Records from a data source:
= = =
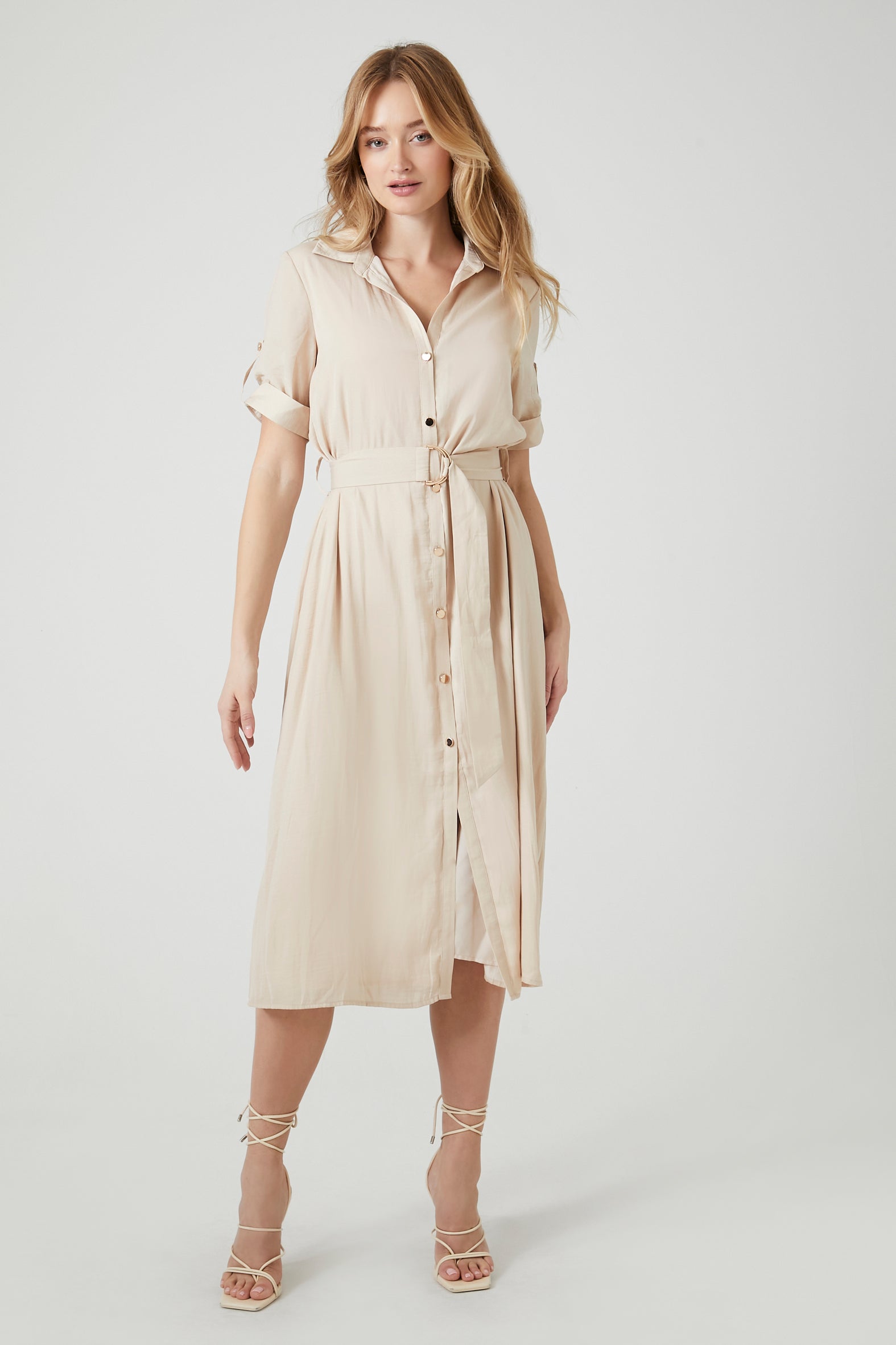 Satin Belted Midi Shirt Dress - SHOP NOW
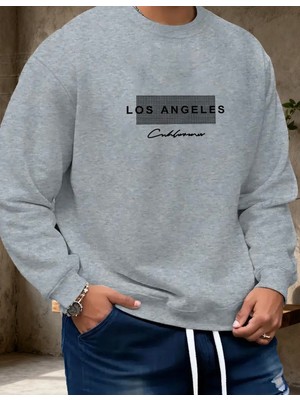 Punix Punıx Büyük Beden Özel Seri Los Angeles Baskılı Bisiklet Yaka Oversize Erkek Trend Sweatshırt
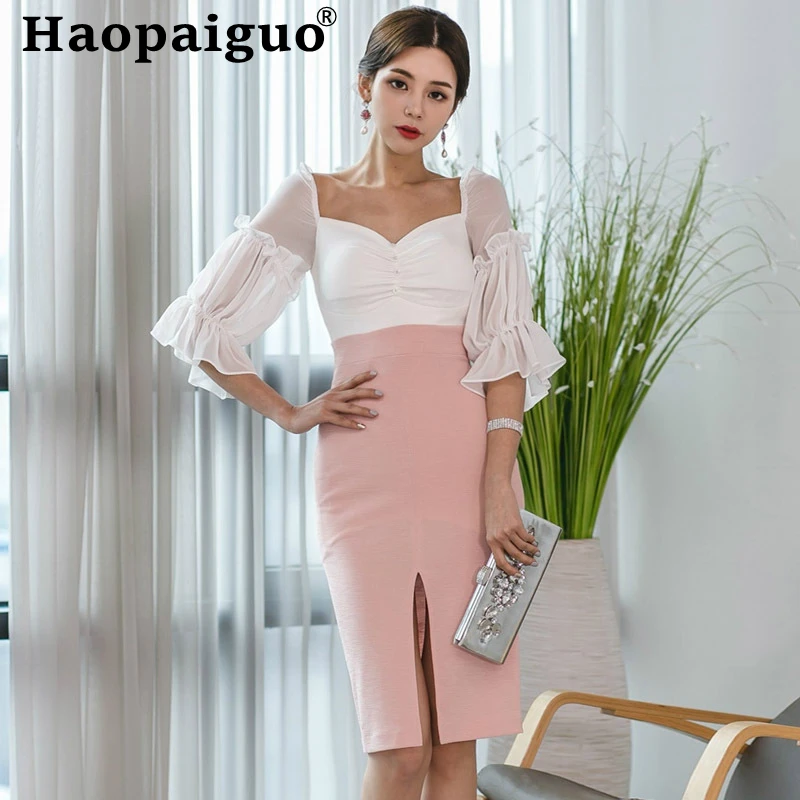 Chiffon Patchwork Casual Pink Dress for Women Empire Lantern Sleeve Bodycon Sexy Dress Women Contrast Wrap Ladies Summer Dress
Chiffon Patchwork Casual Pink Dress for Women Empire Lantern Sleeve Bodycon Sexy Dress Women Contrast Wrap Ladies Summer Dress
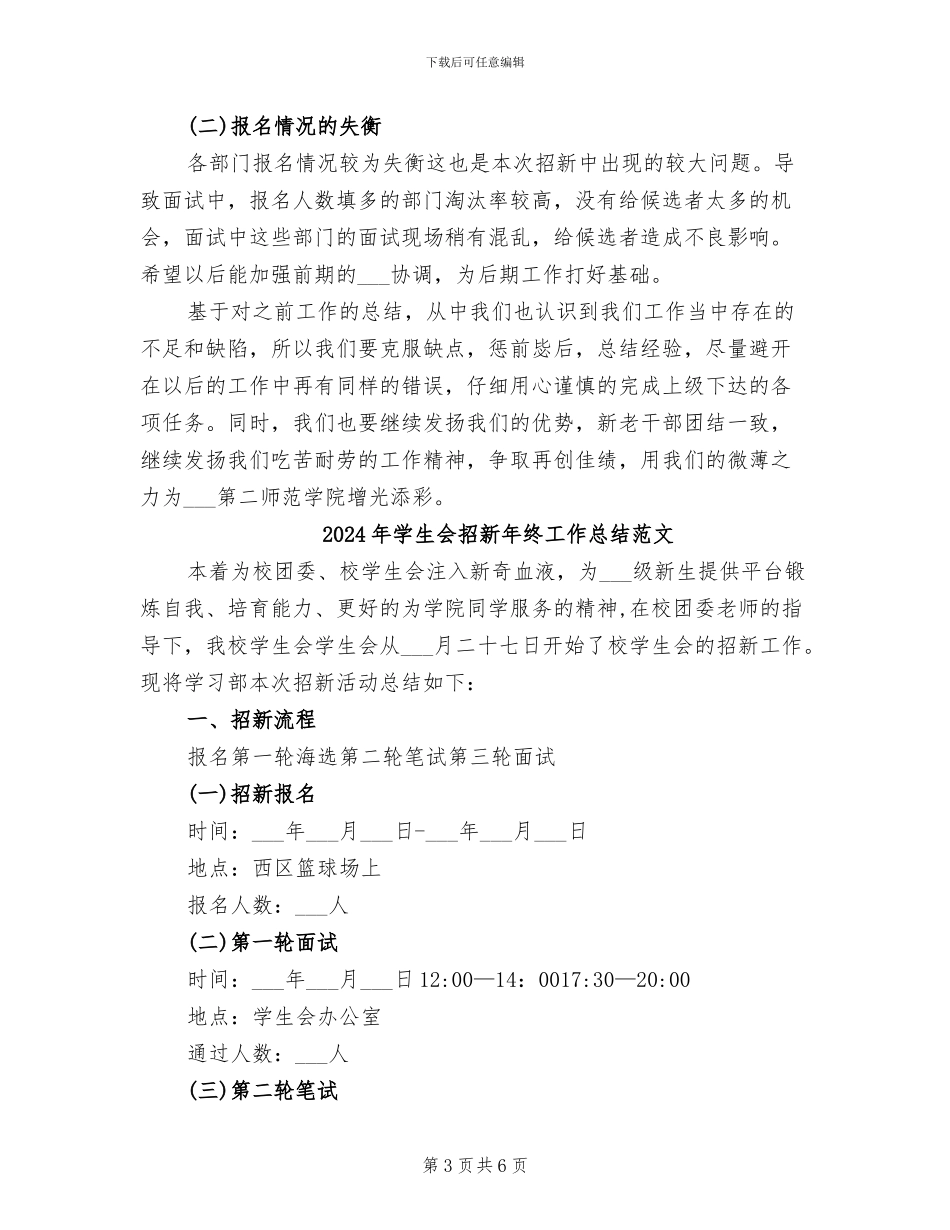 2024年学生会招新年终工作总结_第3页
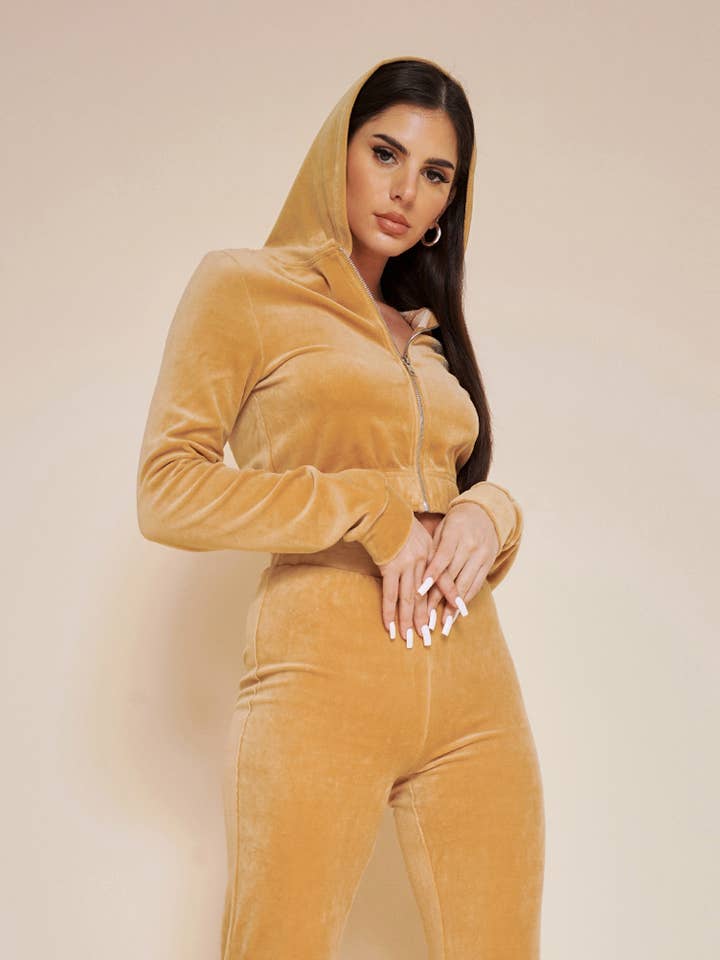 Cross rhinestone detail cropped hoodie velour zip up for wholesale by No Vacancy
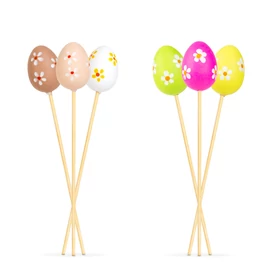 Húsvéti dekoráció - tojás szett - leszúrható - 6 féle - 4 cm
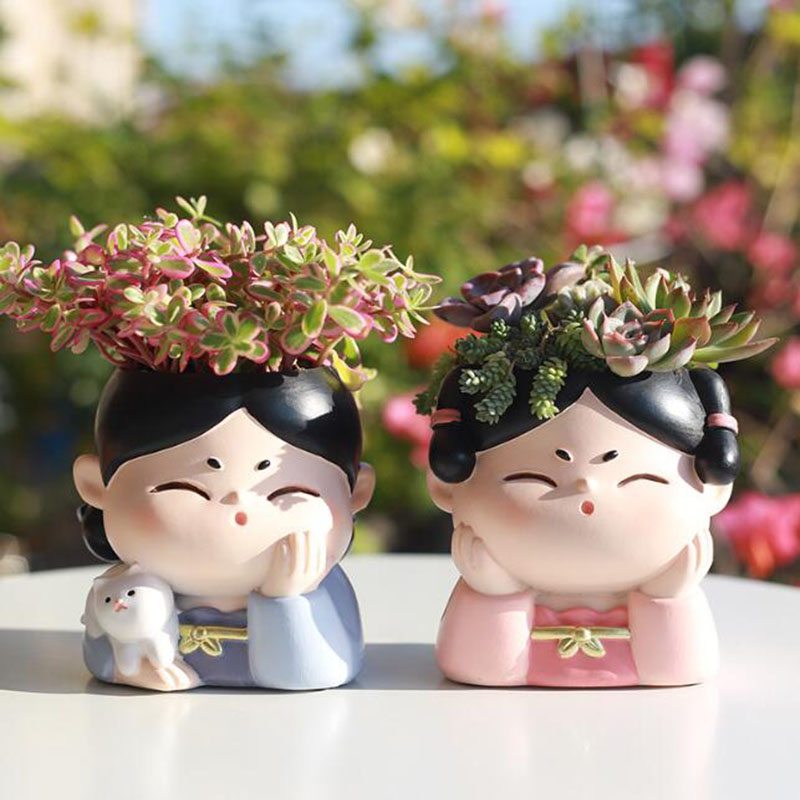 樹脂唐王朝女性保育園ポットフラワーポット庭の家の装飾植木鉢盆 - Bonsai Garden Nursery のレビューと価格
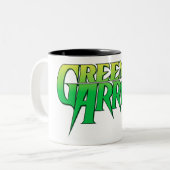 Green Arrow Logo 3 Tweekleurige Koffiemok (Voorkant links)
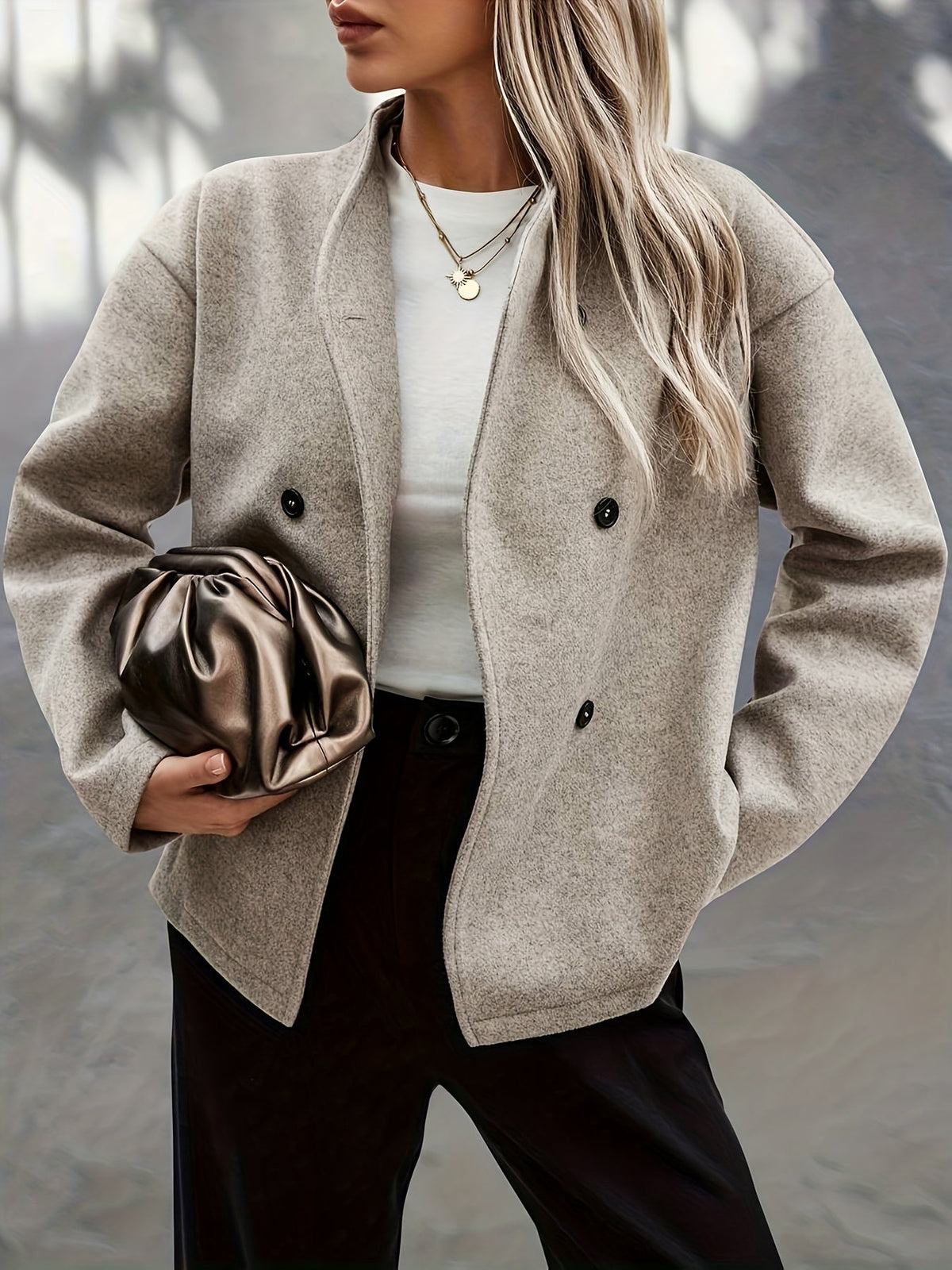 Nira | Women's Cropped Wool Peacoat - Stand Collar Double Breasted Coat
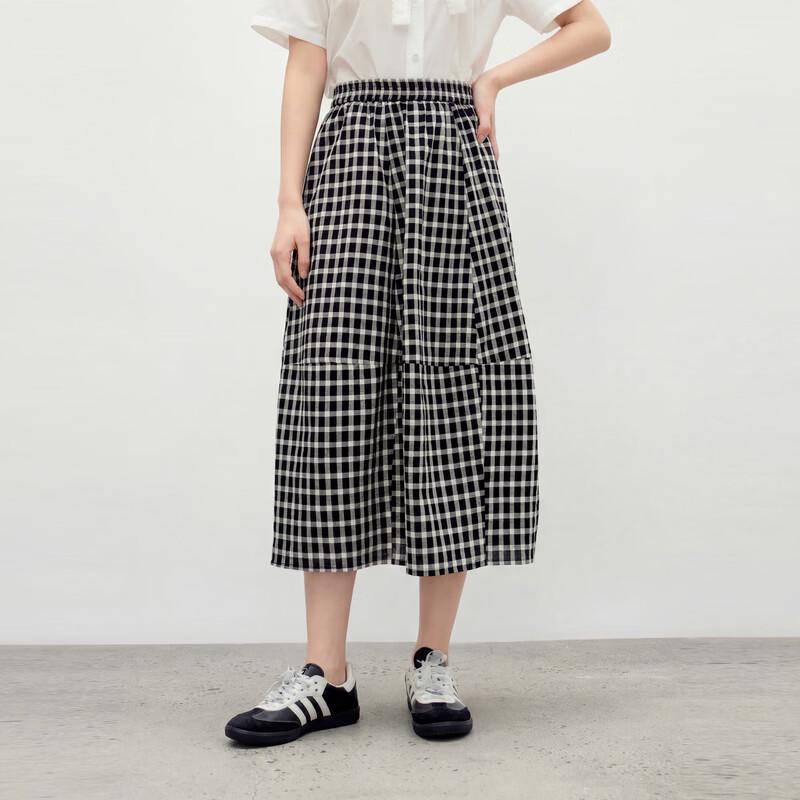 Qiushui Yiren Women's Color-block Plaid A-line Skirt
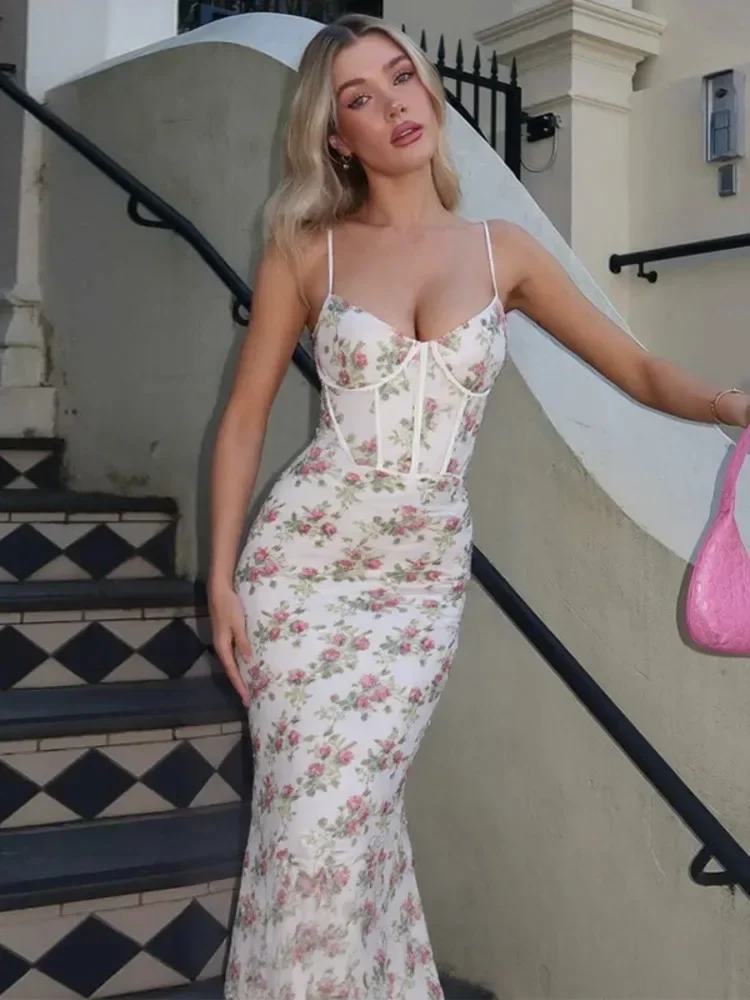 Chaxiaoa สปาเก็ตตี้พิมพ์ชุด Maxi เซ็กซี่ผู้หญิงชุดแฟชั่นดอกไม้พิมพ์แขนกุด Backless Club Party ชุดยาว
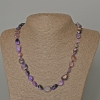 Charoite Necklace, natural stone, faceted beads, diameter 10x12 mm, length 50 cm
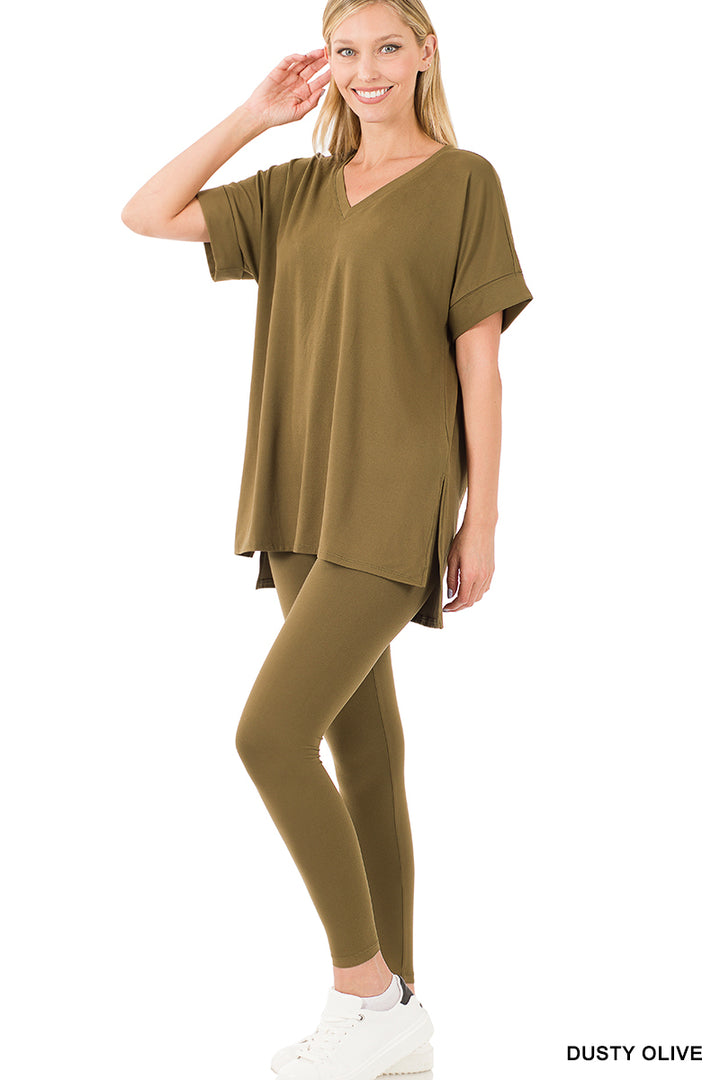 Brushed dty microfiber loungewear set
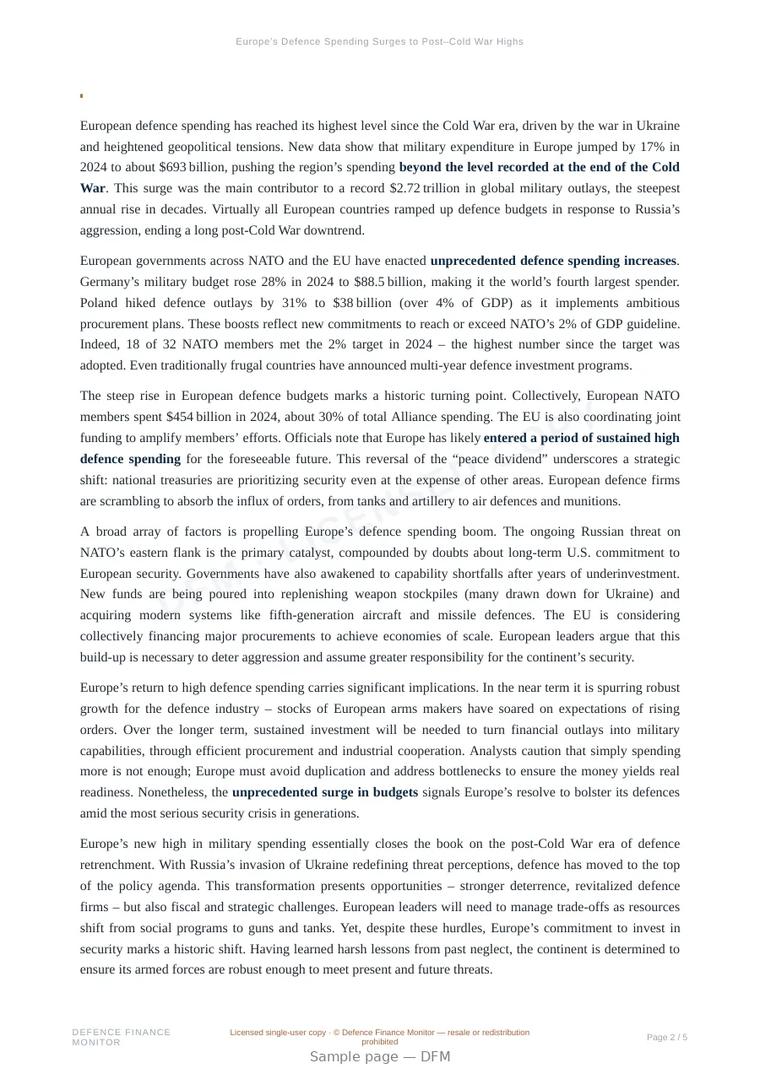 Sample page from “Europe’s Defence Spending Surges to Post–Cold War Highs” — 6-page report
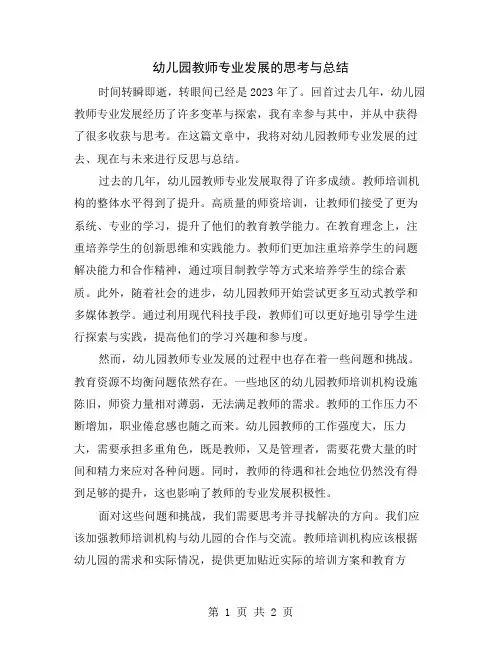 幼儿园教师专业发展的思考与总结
= = =
» **What you have to do**:
Would you write out the data exactly, with no pictures in the copy?

» **Solution below**:
 Satin Belted Midi Shirt Dress - SHOP NOW
 Punix Punıx Büyük Beden Özel Seri Los Angeles Baskılı Bisiklet Yaka Oversize Erkek Trend Sweatshırt
 Chiffon Patchwork Casual Pink Dress for Women Empire Lantern Sleeve Bodycon Sexy Dress Women Contrast Wrap Ladies Summer Dress
Chiffon Patchwork Casual Pink Dress for Women Empire Lantern Sleeve Bodycon Sexy Dress Women Contrast Wrap Ladies Summer Dress
 2024年学生会招新年终工作总结_第3页
 Cross rhinestone detail cropped hoodie velour zip up for wholesale by No Vacancy
 Húsvéti dekoráció - tojás szett - leszúrható - 6 féle - 4 cm
 樹脂唐王朝女性保育園ポットフラワーポット庭の家の装飾植木鉢盆 - Bonsai Garden Nursery のレビューと価格
 Green Arrow Logo 3 Tweekleurige Koffiemok (Voorkant links)
 Nira | Women's Cropped Wool Peacoat - Stand Collar Double Breasted Coat
 Qiushui Yiren Women's Color-block Plaid A-line Skirt
 Chaxiaoa สปาเก็ตตี้พิมพ์ชุด Maxi เซ็กซี่ผู้หญิงชุดแฟชั่นดอกไม้พิมพ์แขนกุด Backless Club Party ชุดยาว
 Charoite Necklace, natural stone, faceted beads, diameter 10x12 mm, length 50 cm
 Brushed dty microfiber loungewear set
 Sample page from “Europe’s Defence Spending Surges to Post–Cold War Highs” — 6-page report
 幼儿园教师专业发展的思考与总结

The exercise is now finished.